The entries must be restated exactly as written.
#####
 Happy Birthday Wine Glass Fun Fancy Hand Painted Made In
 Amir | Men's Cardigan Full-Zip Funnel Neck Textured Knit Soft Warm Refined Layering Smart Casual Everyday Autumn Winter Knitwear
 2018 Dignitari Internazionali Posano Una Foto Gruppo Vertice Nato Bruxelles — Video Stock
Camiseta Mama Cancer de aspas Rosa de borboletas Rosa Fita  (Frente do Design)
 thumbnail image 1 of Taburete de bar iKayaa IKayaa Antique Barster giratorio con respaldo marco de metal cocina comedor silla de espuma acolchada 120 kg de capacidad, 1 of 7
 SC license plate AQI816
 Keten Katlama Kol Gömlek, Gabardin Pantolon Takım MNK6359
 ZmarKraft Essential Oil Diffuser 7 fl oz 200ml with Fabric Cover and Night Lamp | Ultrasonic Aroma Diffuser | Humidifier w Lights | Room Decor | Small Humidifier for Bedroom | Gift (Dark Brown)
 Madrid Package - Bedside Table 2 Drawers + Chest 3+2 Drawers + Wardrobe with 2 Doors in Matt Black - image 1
#####
> **Response to this task**:
 Happy Birthday Wine Glass Fun Fancy Hand Painted Made In
 Amir | Men's Cardigan Full-Zip Funnel Neck Textured Knit Soft Warm Refined Layering Smart Casual Everyday Autumn Winter Knitwear
 2018 Dignitari Internazionali Posano Una Foto Gruppo Vertice Nato Bruxelles — Video Stock
Camiseta Mama Cancer de aspas Rosa de borboletas Rosa Fita  (Frente do Design)
 thumbnail image 1 of Taburete de bar iKayaa IKayaa Antique Barster giratorio con respaldo marco de metal cocina comedor silla de espuma acolchada 120 kg de capacidad, 1 of 7
 SC license plate AQI816
 Keten Katlama Kol Gömlek, Gabardin Pantolon Takım MNK6359
 ZmarKraft Essential Oil Diffuser 7 fl oz 200ml with Fabric Cover and Night Lamp | Ultrasonic Aroma Diffuser | Humidifier w Lights | Room Decor | Small Humidifier for Bedroom | Gift (Dark Brown)
 Madrid Package - Bedside Table 2 Drawers + Chest 3+2 Drawers + Wardrobe with 2 Doors in Matt Black - image 1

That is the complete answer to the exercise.